CASSONI E SACCHI DI SABBIA. IL PIANO PER PORTARE VIA IL RELITTO DELLA CONCORDIA — È

CASSONI E SACCHI DI SABBIA. IL PIANO PER PORTARE VIA IL RELITTO DELLA CONCORDIA — È una balena spiaggiata la Costa Concordia, adesso. Adesso che il mare si è quietato e il vento soffia finalmente leggero, il relitto più assurdo nella storia dei relitti appare un bestione immobile e ferito, adagiato a cento metri dalla riva. Lo porteranno via, presto.
O, meglio, è finalmente pronto, e partirà a breve, il piano per rimuovere la nave da crociera che il 13 gennaio scorso urtò uno scoglio sommerso al largo dell’Isola del Giglio ed entrò nella storia delle tragedie, provocando trentadue vittime. Poi ci vorranno almeno dieci mesi per portare via il relitto. Circa trecento milioni il costo complessivo dell’operazione.
Perché la condizione è di rimuovere la carcassa della nave tutta intera. Ma, soprattutto, di portarla via senza fare danni all’ambiente: su questo il ministro Corrado Clini è stato perentorio e aspetta assicurazioni prima di dare il via libera all’operazione.
Il piano di rimozione presentato dalla Titan Salvage (Florida) e dalla Micoperi (Ravenna) ha un cronoprogramma fitto e quasi ottanta pagine di analisi e di studi. C’è da raddrizzare un bestione di 54 mila tonnellate, inclinato a 65 gradi che poggia su un fondale di una trentina di metri, a ridosso di un abisso che scivola fino a cento. Non si possono sbagliare le mosse.

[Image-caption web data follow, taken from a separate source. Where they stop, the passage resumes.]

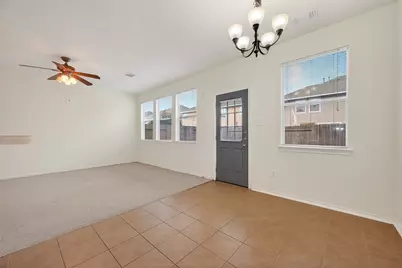 25222 Boulder Bend Lane, Katy, TX 77494 - Photo 14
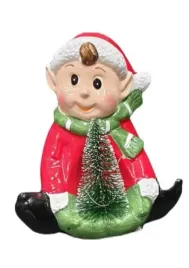 figurka-swiateczna-elf-z-oswietleniem-led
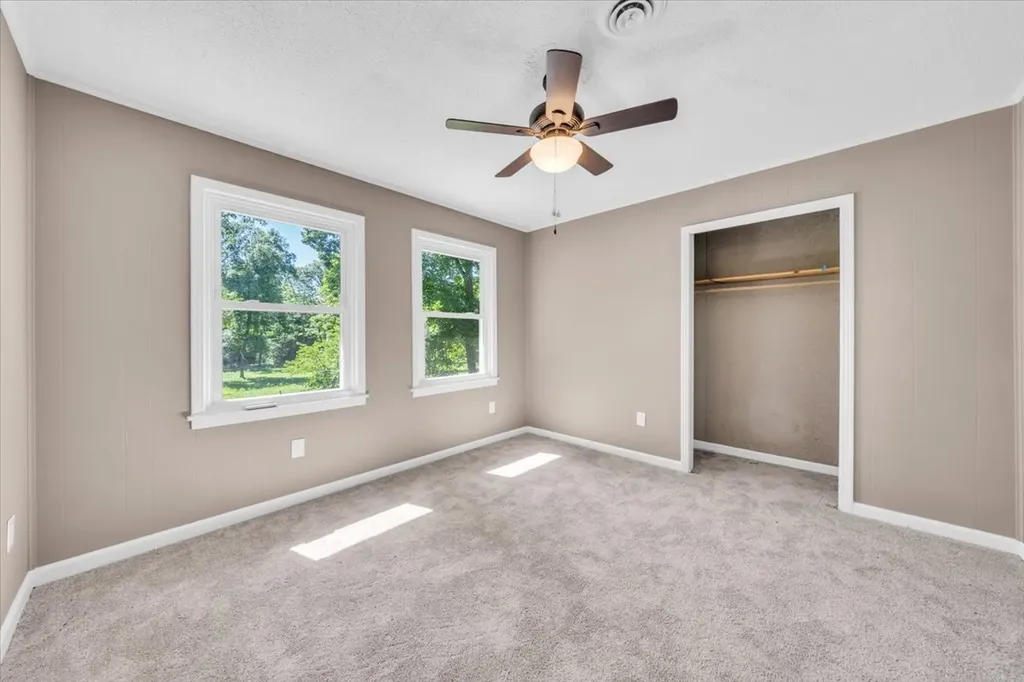 460 Hickory Hill Road Shelbyville TN 37160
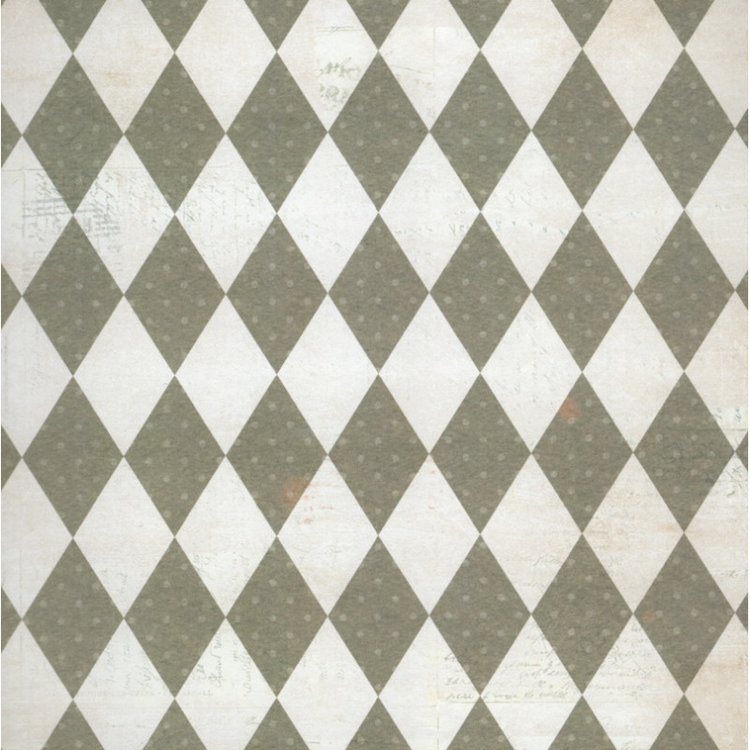 Набор бумаги «География» — картинка 13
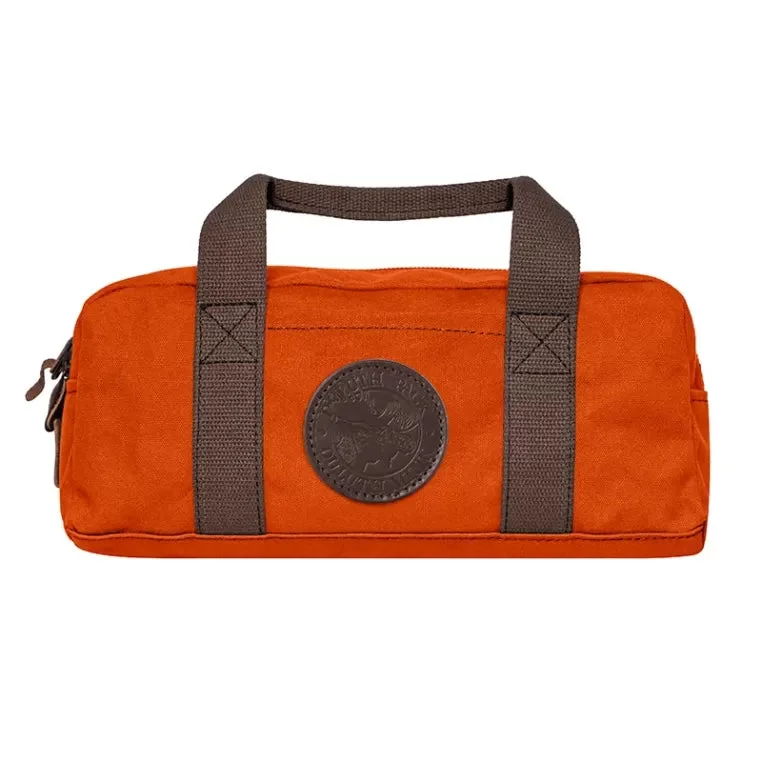 Utility Bag - Image 9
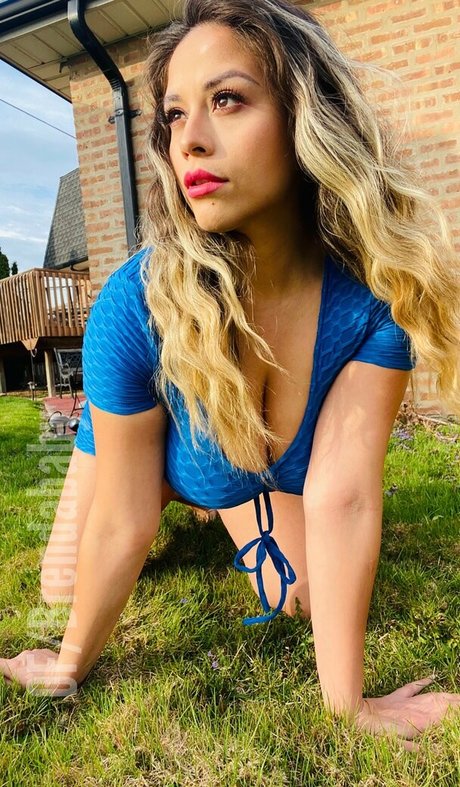 lips onlyfans nude photos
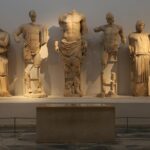 Ancient Olympia Private Tour from Athens - Why This Tour Delivers Value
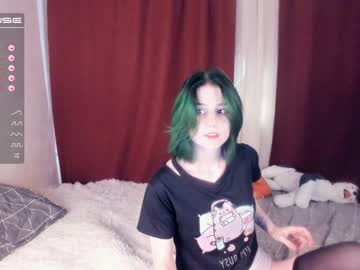 free nude cam girl alicentity image #4838920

La nave è stata svuotata dal carburante. Ma è piena di tutto il resto. Detersivi, plastica, grassi, cibo, acque nere, liquidi idraulici, sostanze chimiche per uso personale, materiali isolanti, pitture, mobili, cavi, anche sostanze radioattive e idrogeno solforato. Non dimentichiamoci che la Costa Concordia era una città galleggiante abitata da oltre quattromila persone. Enrico Rossi, presidente della Regione Toscana, ha insistito perché il bestione non venisse abbattuto in mare lì dove si trovava, ma fosse invece trascinato intero fino ai cantieri di Livorno. Le due imprese hanno messo a punto un piano dettagliato.
Ci penserà un sistema fatto di cavi, di tiranti, di strands jacks (martinetti idraulici) e di cassoni galleggianti a tirar su il relitto, quasi 290 metri di lunghezza per 35,5 metri di larghezza e quasi 20 metri di altezza. Prima di ogni altra cosa, però, bisognerà sanare la ferita, quel taglio di 45 metri causato dall’urto sullo scoglio durante l’ormai famigerato e maledetto «inchino» davanti all’Isola del Giglio.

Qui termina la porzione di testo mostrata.